╔══

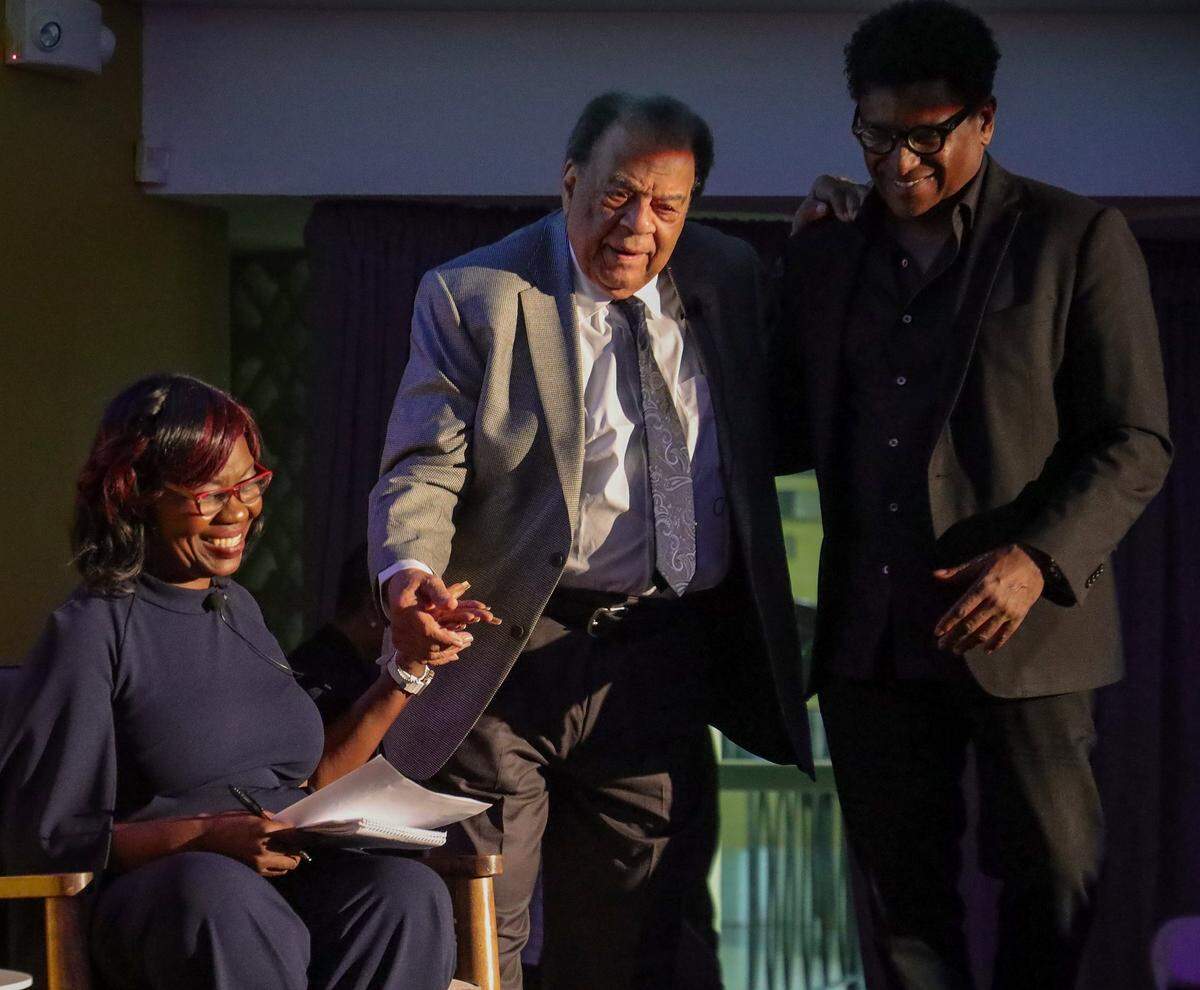 Miami Herald senior reporter Jacqueline Charles, left, extends her hand in aid as Andrew Young is helped on stage by Curb Gardner, right, on Sunday, Feb. 19, 2023. Charles interviewed Young during the Black History Month event at the Historic Hampton House in Miami, Florida.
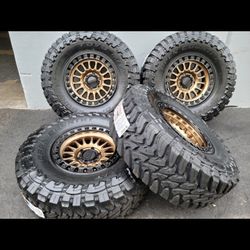 17" KMC rims w/ 35" Toyo MT Open Country Tires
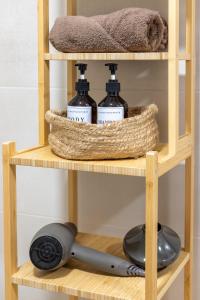 una estantería de madera con tres botellas de detergente en Jome Stays Alicante centro, en Alicante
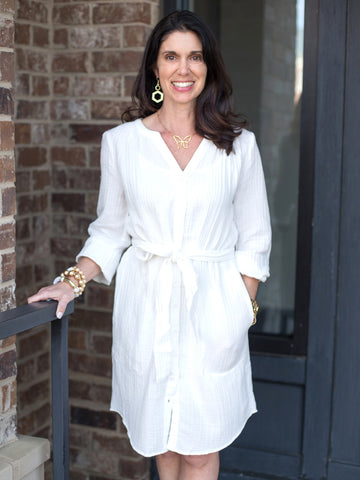woman wearing lightweight white cotton gauze button down shirt dress with three-quarter sleeves and self tie belt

╚══

To do.
Transcribe exactly the line that contains "Open Country Tires" and each line after it through the end of the listing. Leave out the pictures.

Output for this exercise.
 17" KMC rims w/ 35" Toyo MT Open Country Tires
 una estantería de madera con tres botellas de detergente en Jome Stays Alicante centro, en Alicante
woman wearing lightweight white cotton gauze button down shirt dress with three-quarter sleeves and self tie belt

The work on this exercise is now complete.